▸ **WHAT THE TASK REQUIRES**
Below is a listing; retype exactly the line with "Revolta Anarquista a Casas Viejas" and every line after it through the end, and only those, leaving out the pictures.

▸ **COLLECTED DATA**

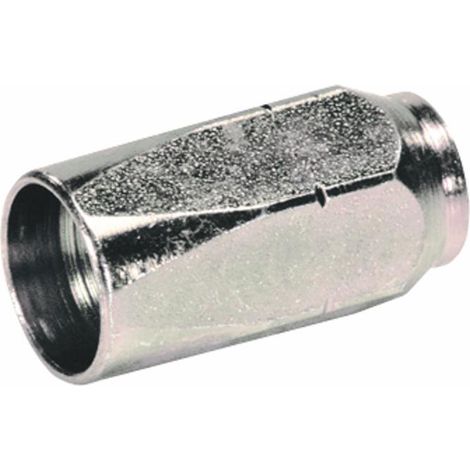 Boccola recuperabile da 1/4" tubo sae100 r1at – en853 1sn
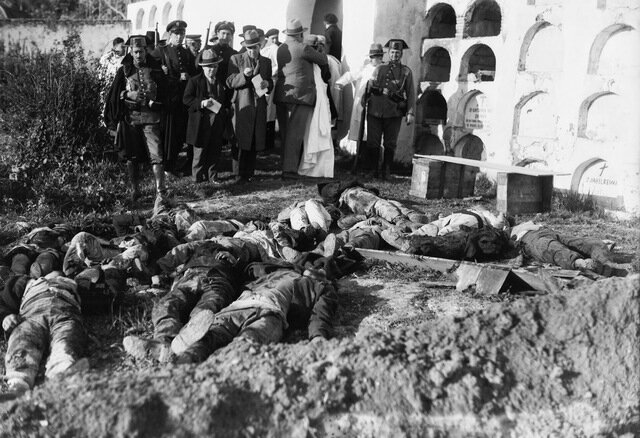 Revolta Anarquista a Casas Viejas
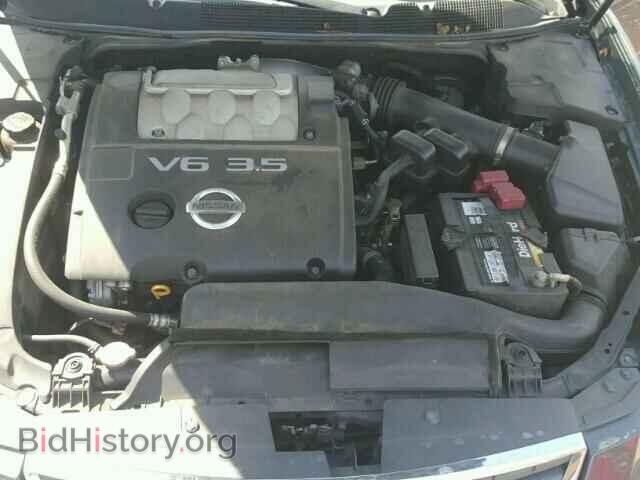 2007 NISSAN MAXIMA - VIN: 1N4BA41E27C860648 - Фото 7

▸ **YOUR RESPONSE**
 Revolta Anarquista a Casas Viejas
 2007 NISSAN MAXIMA - VIN: 1N4BA41E27C860648 - Фото 7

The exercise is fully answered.